We'll create a truncated version of our dataset that only has certain columns...

In [None]:
lat_long = cleandf[["LATITUDE","LONGITUDE","CRASH DATE","CRASH TIME","BOROUGH","VEHICLE TYPE CODE 1"]]

In [None]:
lat_long.head()

In [None]:
test = lat_long[:100]

In [None]:
test

For Bokeh, we'll then cast these columns as lists...

In [None]:
lat_list = list(test['LATITUDE'])
lon_list = list(test['LONGITUDE'])

date_list = list(test['CRASH DATE'])
time_list = list(test['CRASH TIME'])
borough_list = list(test['BOROUGH'])
vehicle_list = list(test['VEHICLE TYPE CODE 1'])

Note: If you want to avoid the "For Dev Purposes Only" message on the following map, go [here](https://developers.google.com/maps/get-started) and follow the instructions to set u pa Google API account.

In [None]:
# https://docs.bokeh.org/en/latest/

import bokeh.io

from bokeh.io import output_file, show, output_notebook
from bokeh.models import *

bokeh.io.output_notebook()


map_options = GMapOptions(lat=40.7128, lng=-74.0060, map_type="roadmap", zoom=11)
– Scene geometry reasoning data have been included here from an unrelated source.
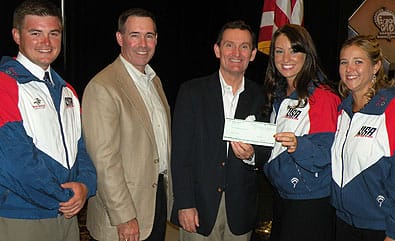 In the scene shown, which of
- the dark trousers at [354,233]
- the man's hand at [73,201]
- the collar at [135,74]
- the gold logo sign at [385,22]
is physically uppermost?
the gold logo sign at [385,22]

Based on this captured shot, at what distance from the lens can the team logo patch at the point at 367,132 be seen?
2418 millimetres

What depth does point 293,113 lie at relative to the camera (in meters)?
2.70

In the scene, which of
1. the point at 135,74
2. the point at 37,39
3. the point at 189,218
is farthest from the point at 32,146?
the point at 189,218

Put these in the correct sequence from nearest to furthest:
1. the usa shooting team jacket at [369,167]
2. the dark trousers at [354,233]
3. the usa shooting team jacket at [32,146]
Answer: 1. the usa shooting team jacket at [32,146]
2. the usa shooting team jacket at [369,167]
3. the dark trousers at [354,233]

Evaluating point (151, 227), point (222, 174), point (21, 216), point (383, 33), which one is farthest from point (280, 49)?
point (383, 33)

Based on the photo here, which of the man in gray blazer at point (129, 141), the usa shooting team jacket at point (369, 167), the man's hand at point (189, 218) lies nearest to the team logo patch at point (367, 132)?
the usa shooting team jacket at point (369, 167)

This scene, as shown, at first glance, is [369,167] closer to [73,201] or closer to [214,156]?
[214,156]

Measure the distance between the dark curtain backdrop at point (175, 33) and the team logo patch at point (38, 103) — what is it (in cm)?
247

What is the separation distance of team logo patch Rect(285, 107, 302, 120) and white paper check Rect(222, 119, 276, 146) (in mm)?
185

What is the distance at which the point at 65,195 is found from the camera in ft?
7.91

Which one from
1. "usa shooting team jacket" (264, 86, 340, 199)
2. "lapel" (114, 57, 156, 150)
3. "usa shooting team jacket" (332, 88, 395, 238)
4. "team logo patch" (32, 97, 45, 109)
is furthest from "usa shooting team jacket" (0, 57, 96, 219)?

plot = GMapPlot(x_range=Range1d(), y_range=Range1d(), map_options=map_options,api_key = "AIzaSyDmyE8tAty-Lhd-rJQvIsGk8ocOIdHwYSE")

source = ColumnDataSource(
    data = dict(
        lat=lat_list,
        lon=lon_list,
        date = date_list,
        time = time_list,
        borough = borough_list, 
        vehicle = vehicle_list
    ))

circle = Circle(x="lon", y="lat", size=15, fill_color="blue", fill_alpha=0.8, line_color=None)
plot.add_glyph(source, circle)

plot.add_tools(PanTool(), WheelZoomTool(), BoxSelectTool(), BoxZoomTool())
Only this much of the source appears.